Aber Du musst jetzt eh gehen, ich finde keine Superlative mehr! Aber noch etwas zu den Texten: Es gibt offensichtlich ein paar autobiografische Songtexte – wie in „More than I deserve“?

Das ist in der Tat mein Baby, ich musste so ein Statement machen. Es gab genügend Momente in den letzten 30 Jahren mit Saga, auf der Bühne, Worte die fielen, Aufmerksamkeit, die mir das Publikum zukommen ließ… ehrlich: Manchmal kucke ich in den Spiegel und sehe Bilder von mir als Teenager. Ich war ein ganz normaler Junge, und heute werde ich auf Händen getragen. Aus kritischer Sich weiß ich, warum, aber als Mensch weiß ich nicht, wie ich das verdient habe, denn ich hatte einfach nur Glück. Und ich will jetzt nicht, wie in einer Dankesrede, zu bescheiden klingen, aber all diese Menschen haben mir so viel Gutes getan, und dieser Song ist mein Versuch, Danke zu sagen.

 

Und 10,000 Days ist das melancholische Finale?

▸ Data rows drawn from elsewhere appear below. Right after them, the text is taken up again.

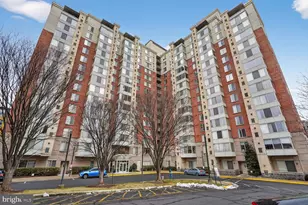 2726 Gallows Rd, Vienna, VA 22180 - Photo 1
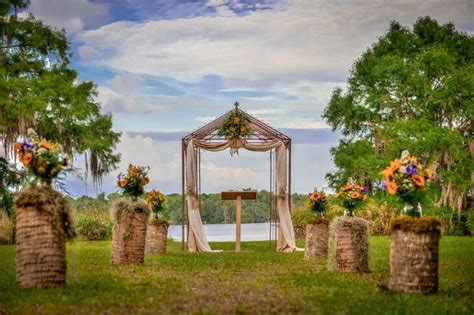 A Rustic Outdoor Wedding In Deland Florida
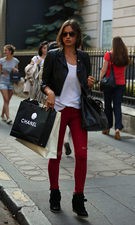 Irina de compras por París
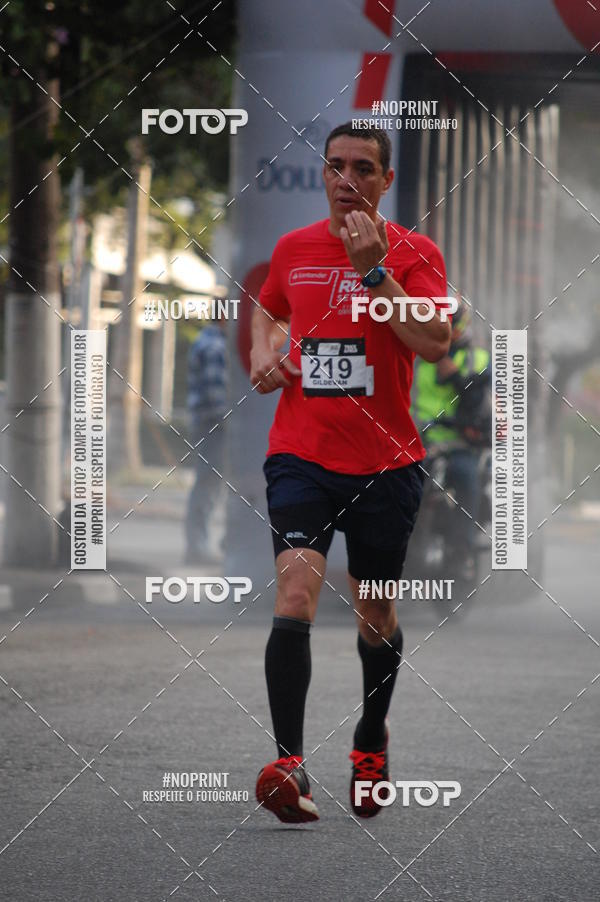 Buy your photos of the eventSantander Track&Field Run Series - Cidade Center Norte on Fotop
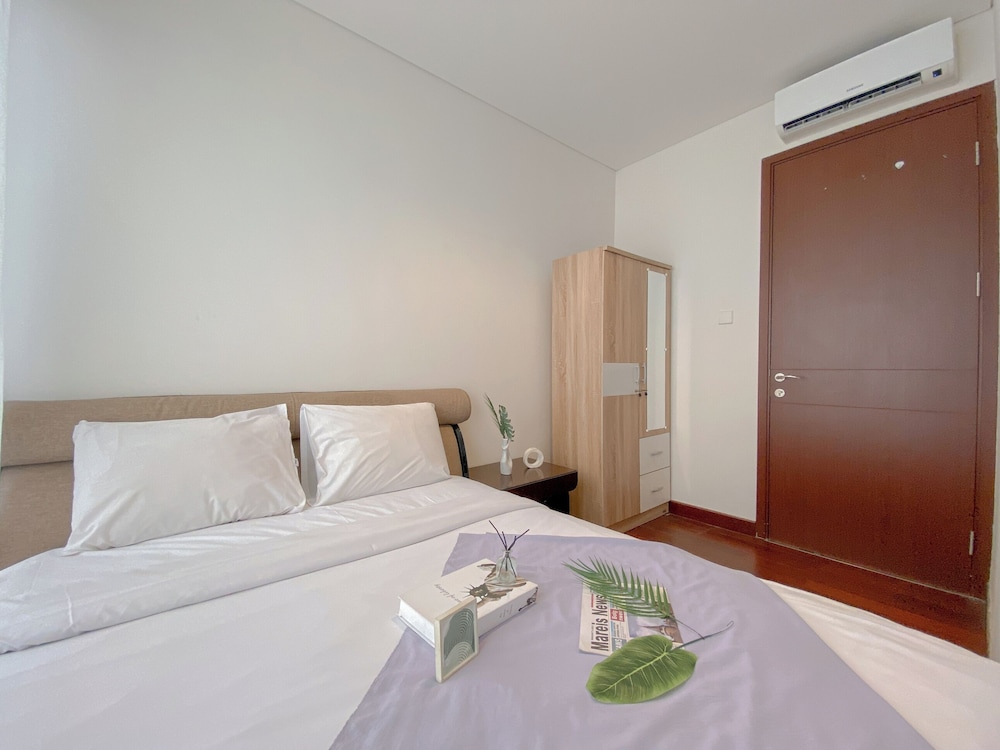Big and Cozy 3BR Apartment Lucky Tower Residence
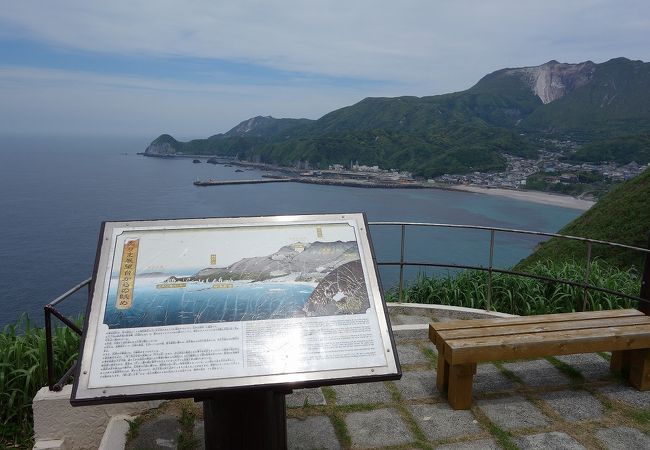 神津島港の全景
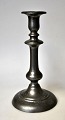 English pewter candle stick, 19th century. Round foot with decorations, profiled stem. H.: 22.5 cm.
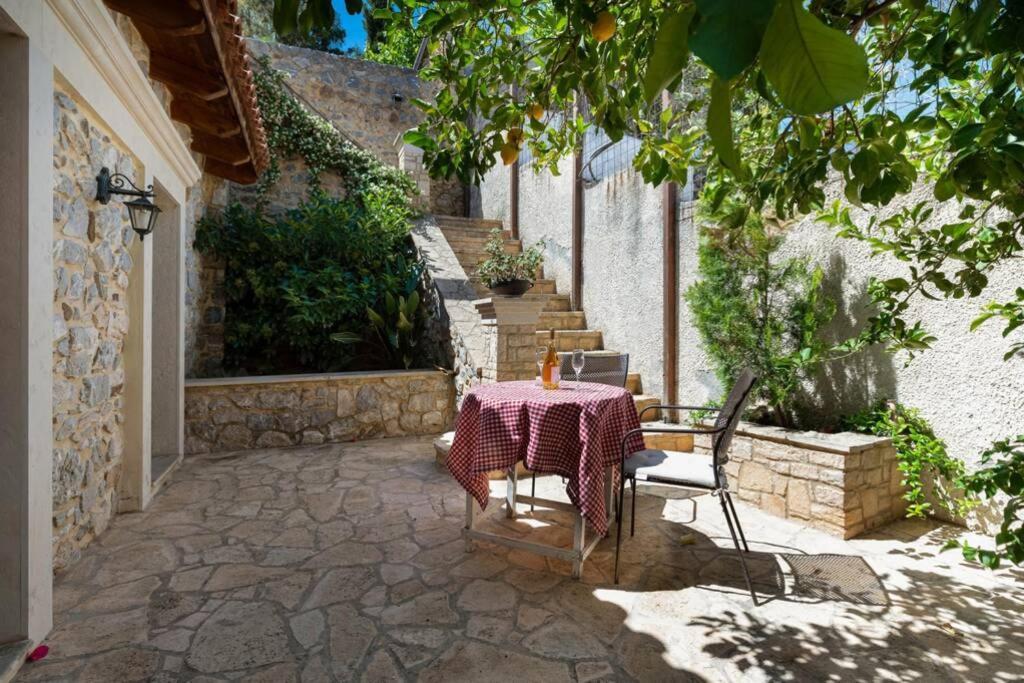 Marigoula House Pombia Exterior foto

Zum Teil, ja, aber im positiven Sinn, nicht nur melancholisch, dramatischen Sinn. Es geht eher darum, was wir als Band alles erreicht haben. Wie es im Song heißt: „we’ve been around the world, from East Lynn to L.A.“ East Lynn ist die Straße, in der Jim (Gilmour, key) damals wohnte als er mich 1979 anrief, weil er ein paar Songs geschrieben hatte und gerne eine Stimme dazu hören wollte. Also fuhren meine Frau und ich zum Essen rüber, und während die Frauen sich später unterhielten, saßen wir im Wohnzimmer und ich sang den Text zu, ich glaube, „Humble Stance“ war der erste Song, vielleicht auch „How long“.

Und ich fuhr nach Hause, und dachte, hey, das war lustig, Also kündigte ich meinen Job, und am nächsten Tag starteten wir das ganze Ding.

 

Habt Ihr alles erreicht, was ihr erreichen wolltet?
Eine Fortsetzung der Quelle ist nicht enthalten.